THE REIGN OF TERROR--HARPOOT AND ZEITOUN.


The Harpoot massacre was another butchery carried out under
orders. Sixty Christians fled to a church in the vain hope that its
walls would furnish them a shelter against those who were crying for
the blood of Armenians. They were permitted for a time to believe
themselves secure, but suddenly the church was surrounded by a great
number of Kurds. The doors were then blown in, and the Christians
thought that they would be massacred within the sacred structure. They
were not. Their captors took them one at a time outside the church,
and there, heedless of the cries for mercy from women and children,
killed them, either by shooting or stabbing them. The first victim
was the Protestant pastor of the church, who, as he was dragged out,
bade the others, if they had to die, to die as Christians. He met
his death like a martyr. Some of the refugees, in a very agony of
terror, offered to abjure their faith and accept Islamism, thinking
thus to save their lives. The offers availed them nothing, for their
insatiable enemies, after accepting them, dragged the converts out and
killed them one by one. The Armenian Church was turned into a mosque,
and the Protestant Church into a stable.

An eyewitness who saw the Christian quarter in flames and the houses
of the American mission burning, said that he came on to Malatia (the
ancient Melitene), and found not a house in the Christian quarter
standing. In a khan there were about twenty wounded men, the sole
survivors of a caravan of two hundred who had been traveling to Harpoot
from Northern Syria and whose members had nearly all been slain by the
Kurdish bands. There were one hundred and fifty bodies lying in the
road. At Marash, the same witness, days after the massacre, counted
eighty-seven dead Armenians in one spot, and there were hundreds of
bodies strewn around in the near neighborhood. In the villages on
the plains near Harpoot, each containing from fifty to one thousand
houses, the evidences of slaughter were sickeningly abundant. The
Kurdish butchers had slain fully half the population. The door of a
house would be burst open, a volley fired upon the shuddering inmates,
while those who rushed out were caught and killed in the fields. Then
the houses were plundered, fired and left blazing. This was the fate
of thousands of Christian homes.

Several thousand Armenian Christians fell in the city of Harpoot under
Kurdish and Turkish swords. In the Province of Harpoot were hundreds
of small towns and villages, few of which escaped the terrible fate
of slaughter and desolation that befell over two thousand other towns
and villages throughout the country.

Harpoot is one of the principal stations of the Eastern Turkey Mission,
and is the seat of Euphrates College, a group of buildings, eight
of which were badly wrecked during the riots. This institution had
about five hundred and sixty-four pupils in all its departments, and
was exerting a powerful influence for good throughout Eastern Turkey.
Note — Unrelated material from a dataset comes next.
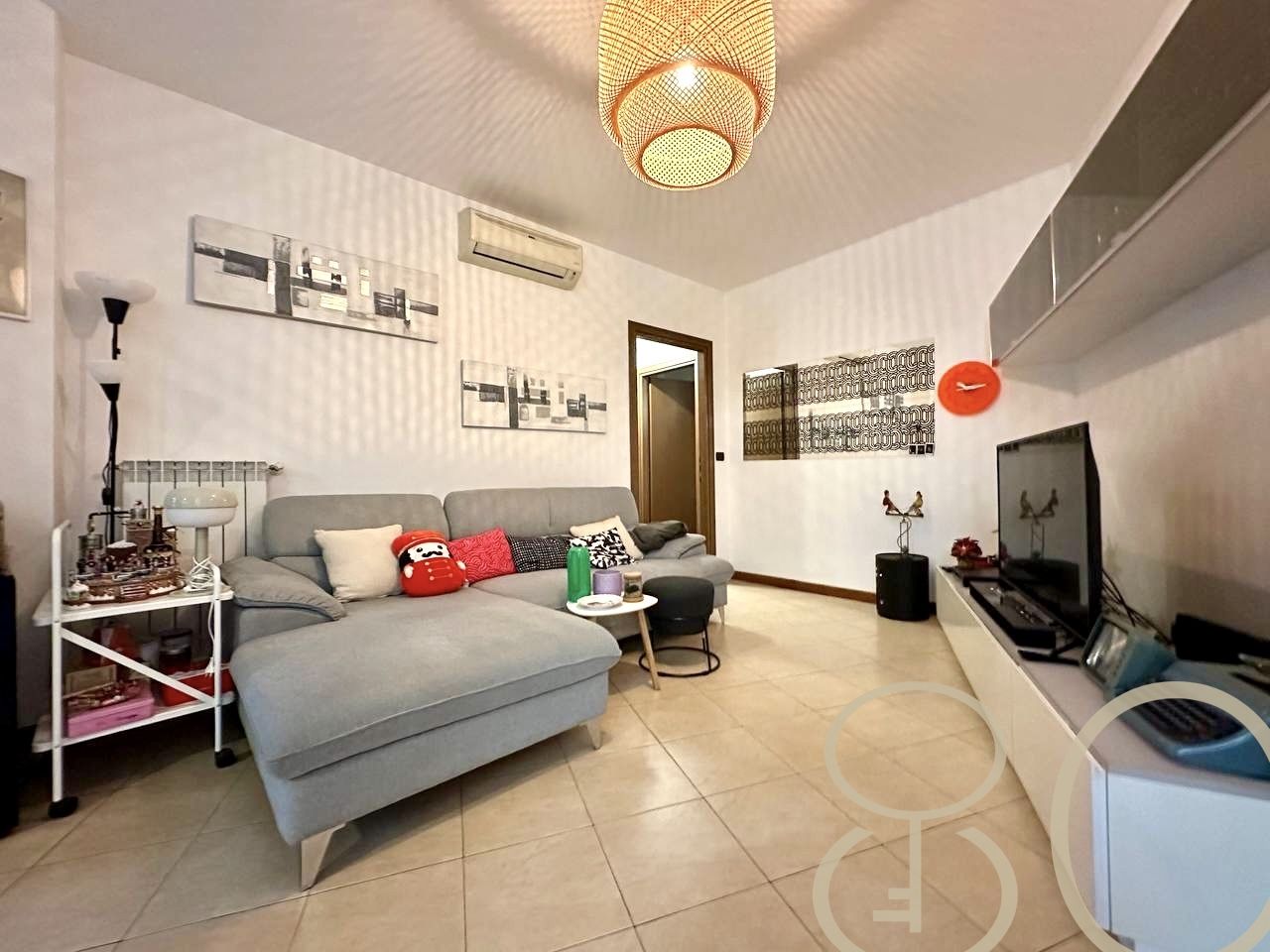 TRILOCALE DI RECENTE COSTRUZIONE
It was estimated that the loss would not be less than $88,000. At
Marash, the destruction of mission buildings was more complete. The
Central Turkey Girls' College and the Theological Seminary were both
wrecked. There were in the former institution (which was organized
in 1884), about thirty-five students. Both buildings were located a
little distance outside of Marash.

In February, 1896, the United States Minister, Mr. Terrell, demanded an
indemnity of $100,000 for the burning and pillaging of the American
missions at Marash and Harpoot. He also asked for the immediate
granting of firmans for the rebuilding of them.

Rev. Grigos Hachadoovian, the pastor of the Second Congregational
Church in Harpoot, when the Turkish soldiers commenced shooting all
over the city, took his wife and children and went to church, where
about sixty of his congregation joined him. Naturally good and earnest
Christians as they were, they lifted their voices up to heaven for
help. While in prayer the Turks rushed in and demanded of the minister
to become a Mohammedan then and there, with his congregation. He
refused promptly. The Turks removed the pulpit, made a butchering
platform, cut off the head of the minister and actually cut him to
pieces before his congregation. Mind you on the platform from which
he had preached Christ for twenty years. This horrible spectacle had
no effect upon the devout Christian Armenians, as they all refused
to denounce Christ and pray to Mohammed, and all were killed in the
church to the last man, woman and child. What do you think of that
picture, Christian people of America? That is the Mohammedanism some
people would like to have introduced into our county.

Letters received from persons engaged in relief work among the
Armenians, gave the following carefully prepared statistics concerning
the recent massacres by the Turks under the tolerance of Christian
powers in the year of our Lord, 1895-6. These statistics were given
in detail for the several villages in Harpoot province.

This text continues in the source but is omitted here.